Reproduce all of the data below without alteration; exclude every picture.

### Stored data

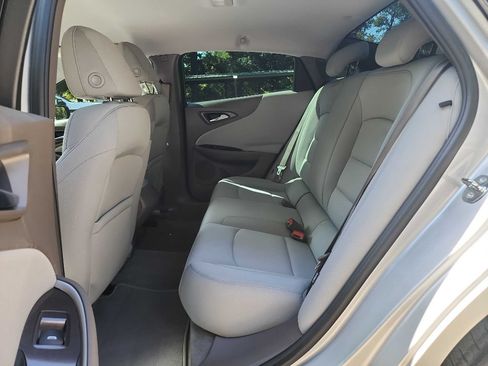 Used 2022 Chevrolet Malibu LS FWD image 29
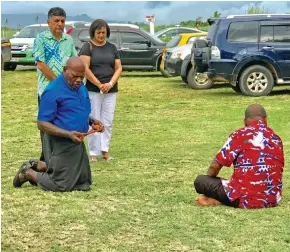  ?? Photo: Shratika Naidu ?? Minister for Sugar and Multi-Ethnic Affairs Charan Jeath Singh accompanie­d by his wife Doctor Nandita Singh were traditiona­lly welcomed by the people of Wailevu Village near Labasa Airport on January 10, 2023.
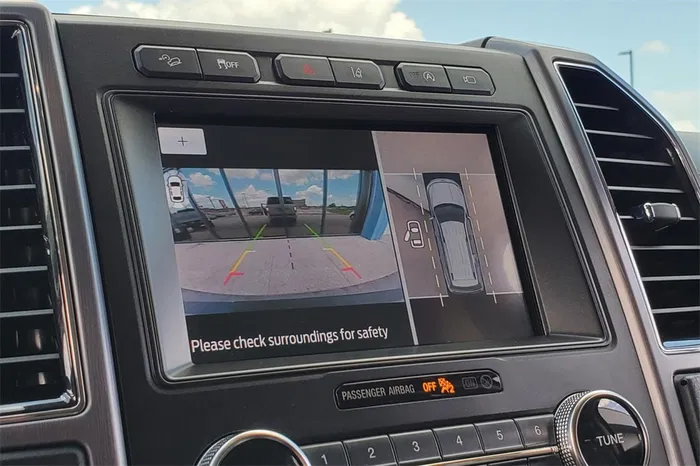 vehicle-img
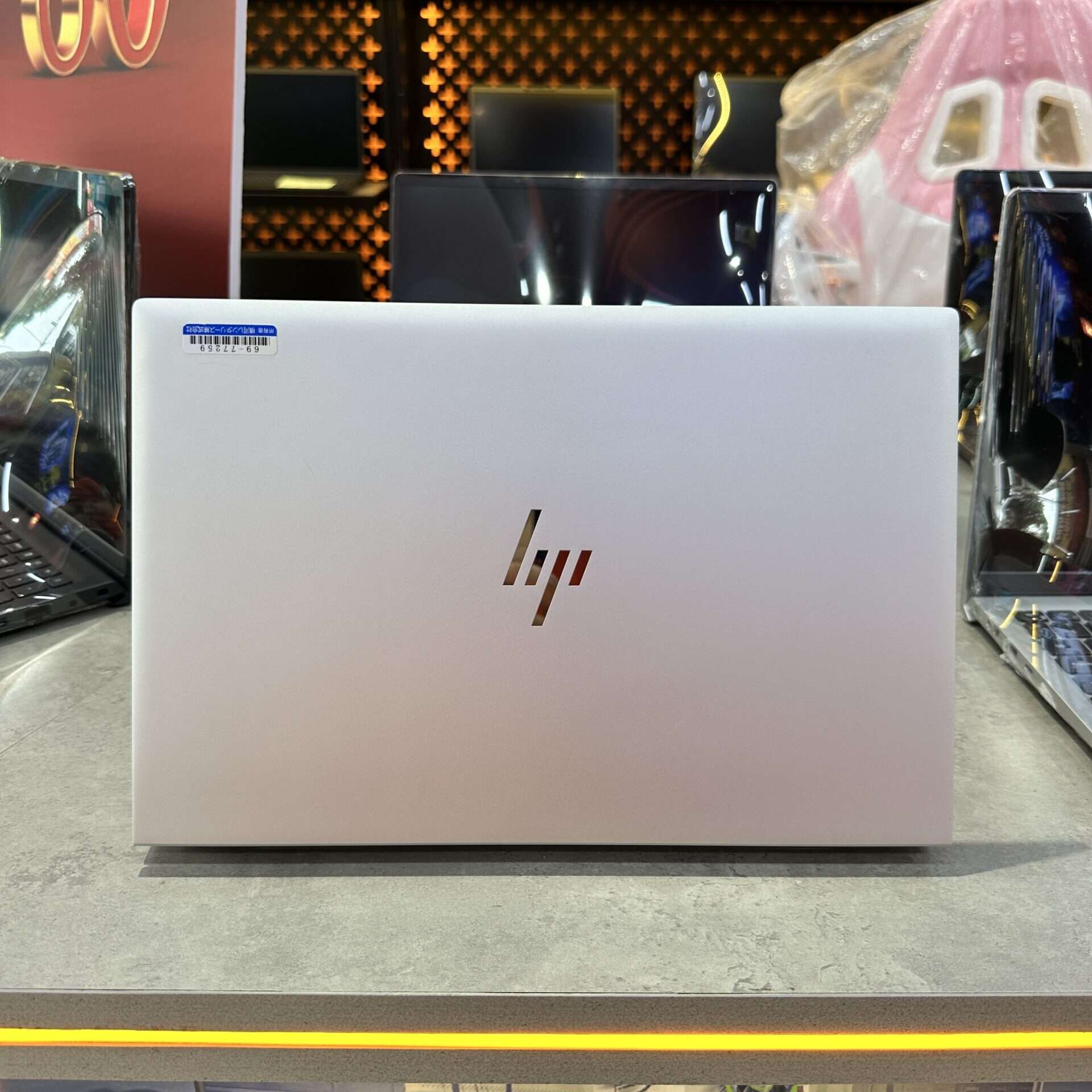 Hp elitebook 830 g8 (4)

######

▶ **Response to this task**:
 Used 2022 Chevrolet Malibu LS FWD image 29
  ?? Photo: Shratika Naidu ?? Minister for Sugar and Multi-Ethnic Affairs Charan Jeath Singh accompanie­d by his wife Doctor Nandita Singh were traditiona­lly welcomed by the people of Wailevu Village near Labasa Airport on January 10, 2023.
 vehicle-img
 Hp elitebook 830 g8 (4)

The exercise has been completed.